Nei confronti del governo palestinese, il Movimento per il Jihād Islamico in Palestina ha una posizione ambivalente: mentre rifiuta l’Autorità Nazionale Palestinese e il Consiglio Legislativo Palestinese, in quanto frutto degli Accordi di Oslo del 1993 e punti di partenza del dialogo con Israele, in qualche modo riconosce il ruolo dell’OLP e del Presidente Maḥmud ‘Abbās come guida del processo partecipativo politico-istituzionale. In ogni caso, in quest’ultimo anno il movimento jihādista ha compiuto notevoli passi in avanti rispetto alla ricerca di unità delle forze di liberazione palestinesi e rispetto al riconoscimento degli altri movimenti islamisti operanti nella regione, pur nella considerazione delle rispettive peculiarità: l’incontro di Dōḥa ne è chiara testimonianza.
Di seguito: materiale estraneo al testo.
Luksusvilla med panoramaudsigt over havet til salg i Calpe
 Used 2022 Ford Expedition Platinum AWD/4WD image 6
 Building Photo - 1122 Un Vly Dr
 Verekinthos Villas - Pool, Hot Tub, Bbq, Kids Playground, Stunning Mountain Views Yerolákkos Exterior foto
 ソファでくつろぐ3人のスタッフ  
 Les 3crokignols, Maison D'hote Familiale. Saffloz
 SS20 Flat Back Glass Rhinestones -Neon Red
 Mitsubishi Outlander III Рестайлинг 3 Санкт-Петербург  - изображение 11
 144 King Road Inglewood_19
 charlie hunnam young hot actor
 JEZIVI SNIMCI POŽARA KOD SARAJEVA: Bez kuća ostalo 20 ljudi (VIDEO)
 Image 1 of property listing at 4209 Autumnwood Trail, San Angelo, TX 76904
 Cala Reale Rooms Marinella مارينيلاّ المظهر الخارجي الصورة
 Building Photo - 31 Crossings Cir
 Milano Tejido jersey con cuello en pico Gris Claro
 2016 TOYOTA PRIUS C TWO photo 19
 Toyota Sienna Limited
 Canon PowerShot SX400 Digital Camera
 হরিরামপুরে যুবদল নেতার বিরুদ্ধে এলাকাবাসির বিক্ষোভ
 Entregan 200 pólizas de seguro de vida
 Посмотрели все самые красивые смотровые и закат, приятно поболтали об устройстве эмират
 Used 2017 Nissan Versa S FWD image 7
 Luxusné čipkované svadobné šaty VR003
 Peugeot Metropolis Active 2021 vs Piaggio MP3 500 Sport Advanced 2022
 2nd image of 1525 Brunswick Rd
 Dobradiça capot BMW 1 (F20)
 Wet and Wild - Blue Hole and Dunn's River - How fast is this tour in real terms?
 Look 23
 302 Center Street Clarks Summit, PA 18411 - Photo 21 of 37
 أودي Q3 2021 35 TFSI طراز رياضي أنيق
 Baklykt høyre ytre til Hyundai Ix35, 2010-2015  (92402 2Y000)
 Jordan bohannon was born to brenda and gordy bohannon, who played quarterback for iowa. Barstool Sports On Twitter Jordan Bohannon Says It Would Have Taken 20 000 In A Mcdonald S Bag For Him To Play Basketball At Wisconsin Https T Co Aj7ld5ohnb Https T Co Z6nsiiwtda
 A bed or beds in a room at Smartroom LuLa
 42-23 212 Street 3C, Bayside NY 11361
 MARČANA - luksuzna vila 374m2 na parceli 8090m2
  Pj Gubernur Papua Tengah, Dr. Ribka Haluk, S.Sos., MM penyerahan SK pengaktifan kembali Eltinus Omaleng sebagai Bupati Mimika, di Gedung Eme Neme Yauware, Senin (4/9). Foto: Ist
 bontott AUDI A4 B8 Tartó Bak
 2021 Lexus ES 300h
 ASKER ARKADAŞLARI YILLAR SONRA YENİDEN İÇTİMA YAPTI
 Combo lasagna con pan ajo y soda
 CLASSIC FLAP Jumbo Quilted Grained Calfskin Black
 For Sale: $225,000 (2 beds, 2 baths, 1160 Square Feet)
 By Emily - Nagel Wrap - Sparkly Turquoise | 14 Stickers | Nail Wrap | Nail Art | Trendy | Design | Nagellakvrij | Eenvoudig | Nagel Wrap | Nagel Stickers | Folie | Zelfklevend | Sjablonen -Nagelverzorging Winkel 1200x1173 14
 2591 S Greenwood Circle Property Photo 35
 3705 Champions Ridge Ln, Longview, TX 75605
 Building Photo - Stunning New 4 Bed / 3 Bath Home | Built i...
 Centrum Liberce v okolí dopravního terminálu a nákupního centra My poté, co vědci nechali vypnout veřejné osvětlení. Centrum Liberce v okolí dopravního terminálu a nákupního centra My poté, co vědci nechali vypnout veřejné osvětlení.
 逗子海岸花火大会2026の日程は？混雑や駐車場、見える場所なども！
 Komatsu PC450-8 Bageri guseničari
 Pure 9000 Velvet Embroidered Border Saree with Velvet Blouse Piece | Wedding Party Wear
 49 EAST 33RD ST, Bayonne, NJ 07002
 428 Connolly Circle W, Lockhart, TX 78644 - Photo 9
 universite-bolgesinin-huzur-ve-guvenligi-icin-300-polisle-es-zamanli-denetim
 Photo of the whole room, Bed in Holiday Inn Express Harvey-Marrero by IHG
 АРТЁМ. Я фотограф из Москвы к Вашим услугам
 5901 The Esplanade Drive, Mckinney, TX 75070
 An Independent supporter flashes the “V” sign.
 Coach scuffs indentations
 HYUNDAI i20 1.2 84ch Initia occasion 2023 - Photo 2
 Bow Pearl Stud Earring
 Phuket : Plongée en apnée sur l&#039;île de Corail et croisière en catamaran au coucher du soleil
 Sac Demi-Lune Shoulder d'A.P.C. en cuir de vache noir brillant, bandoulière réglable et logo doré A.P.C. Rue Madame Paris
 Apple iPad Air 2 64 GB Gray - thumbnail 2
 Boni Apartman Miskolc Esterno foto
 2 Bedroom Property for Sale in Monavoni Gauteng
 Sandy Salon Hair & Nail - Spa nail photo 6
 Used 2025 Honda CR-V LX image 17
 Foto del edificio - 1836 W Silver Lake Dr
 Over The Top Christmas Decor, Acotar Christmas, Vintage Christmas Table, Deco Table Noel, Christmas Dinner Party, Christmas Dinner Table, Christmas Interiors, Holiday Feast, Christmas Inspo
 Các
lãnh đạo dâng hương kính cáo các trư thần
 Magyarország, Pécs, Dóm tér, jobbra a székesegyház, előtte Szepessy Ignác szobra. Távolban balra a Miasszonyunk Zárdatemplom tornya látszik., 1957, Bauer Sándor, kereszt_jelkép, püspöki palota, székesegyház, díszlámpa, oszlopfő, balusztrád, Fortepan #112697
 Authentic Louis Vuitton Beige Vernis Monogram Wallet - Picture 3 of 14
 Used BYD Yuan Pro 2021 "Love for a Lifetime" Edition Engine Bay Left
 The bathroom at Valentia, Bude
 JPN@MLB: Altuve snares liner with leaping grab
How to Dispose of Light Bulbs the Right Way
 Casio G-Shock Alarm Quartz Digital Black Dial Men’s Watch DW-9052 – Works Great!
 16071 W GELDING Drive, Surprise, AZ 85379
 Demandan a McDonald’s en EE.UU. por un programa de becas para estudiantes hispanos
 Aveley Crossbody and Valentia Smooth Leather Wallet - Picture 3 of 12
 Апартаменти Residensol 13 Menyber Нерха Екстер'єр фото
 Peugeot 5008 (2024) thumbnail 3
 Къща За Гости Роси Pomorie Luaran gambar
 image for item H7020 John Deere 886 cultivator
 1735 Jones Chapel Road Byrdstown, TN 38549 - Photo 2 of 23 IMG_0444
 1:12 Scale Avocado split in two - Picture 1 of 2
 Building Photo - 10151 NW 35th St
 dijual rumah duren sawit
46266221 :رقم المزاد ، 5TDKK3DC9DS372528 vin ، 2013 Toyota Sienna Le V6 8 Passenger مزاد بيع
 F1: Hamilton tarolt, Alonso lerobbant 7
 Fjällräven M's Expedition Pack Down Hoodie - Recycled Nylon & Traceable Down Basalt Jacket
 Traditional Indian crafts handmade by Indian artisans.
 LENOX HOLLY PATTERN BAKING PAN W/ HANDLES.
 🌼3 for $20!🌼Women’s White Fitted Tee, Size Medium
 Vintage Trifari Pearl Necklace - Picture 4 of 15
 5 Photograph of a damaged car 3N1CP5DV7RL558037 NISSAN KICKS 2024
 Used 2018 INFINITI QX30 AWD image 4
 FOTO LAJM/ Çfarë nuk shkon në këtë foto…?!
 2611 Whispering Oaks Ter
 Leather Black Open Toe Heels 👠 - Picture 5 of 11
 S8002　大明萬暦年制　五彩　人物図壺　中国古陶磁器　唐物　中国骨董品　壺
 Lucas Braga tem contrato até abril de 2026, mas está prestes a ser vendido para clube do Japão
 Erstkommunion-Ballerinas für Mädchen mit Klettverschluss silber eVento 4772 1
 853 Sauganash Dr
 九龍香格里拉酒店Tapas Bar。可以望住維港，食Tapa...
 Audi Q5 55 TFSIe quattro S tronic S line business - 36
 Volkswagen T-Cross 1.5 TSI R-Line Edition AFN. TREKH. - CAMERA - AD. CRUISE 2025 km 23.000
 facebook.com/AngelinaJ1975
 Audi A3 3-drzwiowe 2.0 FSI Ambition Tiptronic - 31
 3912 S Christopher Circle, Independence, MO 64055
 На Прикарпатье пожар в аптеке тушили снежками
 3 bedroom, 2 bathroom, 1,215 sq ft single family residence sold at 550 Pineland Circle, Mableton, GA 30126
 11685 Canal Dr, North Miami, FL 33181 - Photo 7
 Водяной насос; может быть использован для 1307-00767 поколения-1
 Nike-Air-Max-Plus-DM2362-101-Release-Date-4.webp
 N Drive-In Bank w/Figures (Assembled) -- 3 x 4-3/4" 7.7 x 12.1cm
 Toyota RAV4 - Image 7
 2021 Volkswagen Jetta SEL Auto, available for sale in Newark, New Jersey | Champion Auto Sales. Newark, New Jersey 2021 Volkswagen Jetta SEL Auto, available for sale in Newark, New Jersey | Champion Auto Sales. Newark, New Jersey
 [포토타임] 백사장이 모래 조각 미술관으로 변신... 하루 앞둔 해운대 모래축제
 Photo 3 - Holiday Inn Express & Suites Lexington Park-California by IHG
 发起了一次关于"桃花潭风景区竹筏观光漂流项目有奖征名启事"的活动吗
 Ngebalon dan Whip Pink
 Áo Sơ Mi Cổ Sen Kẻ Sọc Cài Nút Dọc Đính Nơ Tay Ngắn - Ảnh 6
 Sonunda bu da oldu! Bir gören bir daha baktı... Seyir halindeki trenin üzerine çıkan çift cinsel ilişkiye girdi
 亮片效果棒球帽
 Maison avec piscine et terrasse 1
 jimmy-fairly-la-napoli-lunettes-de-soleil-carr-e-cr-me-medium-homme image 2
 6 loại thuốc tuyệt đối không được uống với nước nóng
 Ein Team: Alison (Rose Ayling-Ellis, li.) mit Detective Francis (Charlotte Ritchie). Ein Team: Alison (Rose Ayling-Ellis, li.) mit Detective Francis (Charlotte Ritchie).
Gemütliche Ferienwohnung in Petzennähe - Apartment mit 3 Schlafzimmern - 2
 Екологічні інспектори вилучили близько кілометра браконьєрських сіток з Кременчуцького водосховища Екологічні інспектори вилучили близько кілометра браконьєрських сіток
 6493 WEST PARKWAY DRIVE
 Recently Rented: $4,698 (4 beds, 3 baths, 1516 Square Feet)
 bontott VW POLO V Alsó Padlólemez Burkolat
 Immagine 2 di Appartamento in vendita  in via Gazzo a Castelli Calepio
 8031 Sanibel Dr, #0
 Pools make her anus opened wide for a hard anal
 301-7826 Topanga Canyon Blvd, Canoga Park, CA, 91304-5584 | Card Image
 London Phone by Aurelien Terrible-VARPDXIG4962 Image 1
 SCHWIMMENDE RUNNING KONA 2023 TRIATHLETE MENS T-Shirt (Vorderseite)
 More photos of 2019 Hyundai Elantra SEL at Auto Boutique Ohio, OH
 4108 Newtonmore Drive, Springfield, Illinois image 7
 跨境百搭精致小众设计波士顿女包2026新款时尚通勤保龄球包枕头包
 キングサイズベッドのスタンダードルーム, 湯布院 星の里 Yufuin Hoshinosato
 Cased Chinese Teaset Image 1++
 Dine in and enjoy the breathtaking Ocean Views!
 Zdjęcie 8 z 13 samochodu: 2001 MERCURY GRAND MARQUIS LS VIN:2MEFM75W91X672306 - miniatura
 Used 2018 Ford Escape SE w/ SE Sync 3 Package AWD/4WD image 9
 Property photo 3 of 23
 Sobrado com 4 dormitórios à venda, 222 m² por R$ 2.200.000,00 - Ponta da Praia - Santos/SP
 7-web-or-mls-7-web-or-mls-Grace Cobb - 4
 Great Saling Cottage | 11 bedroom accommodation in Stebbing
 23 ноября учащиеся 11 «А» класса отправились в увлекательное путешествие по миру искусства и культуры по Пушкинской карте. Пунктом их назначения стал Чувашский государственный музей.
Per di più a Dōḥa, ora residenza abituale di Khālid Masha’l, un altro incontro ha segnato in modo discreto le cronache di queste settimane: quello tra Ramaḍān Shallāḥ e il giovane Emiro del Qatar, alla presenza di ʿAzmī Bišāra, l’esponente cristiano palestinese con cittadinanza israeliana attualmente insediato nel Paese del Golfo. Quest’ultimo sarebbe incaricato dalle autorità emirali di immaginare e lanciare un moderno network internazionale della comunicazione, da affiancare ad Al Jazeera e cui affidare il compito di promuovere la prospettiva strategica del Sovrano nel nuovo panorama medio-orientale e internazionale in generale.

Insomma, il Qatar innovativo dell’Emiro Tamīm ath-Thānī, dopo il ruolo propulsivo svolto dal padre Ḥamad bin Khalīfa nella riforma politica araba, potrebbe oggi svolgere il ruolo di ponte tra i più incisivi protagonisti dell’Islam politico, raccordando esigenze geo-politiche con la straordinaria vitalità dei movimenti sociali e di resistenza che promana dal profondo delle società mediorientali. Ospitando gli esponenti di due tra i maggiori movimenti di liberazione palestinesi e proprio ponendo al centro del mondo islamico la questione palestinese, il Qatar si smarca dal paradigma saudita e si pone nuovamente al centro dell’innovazione, anche diplomatica, sperimentando vie inesplorate di riavvicinamento religioso tra le poliedriche confessioni dell’Islam.

L’impresa non è facile. Ma spesso i grandi progetti hanno bisogno del tempo durevole della Storia. Forse quel tempo è arrivato!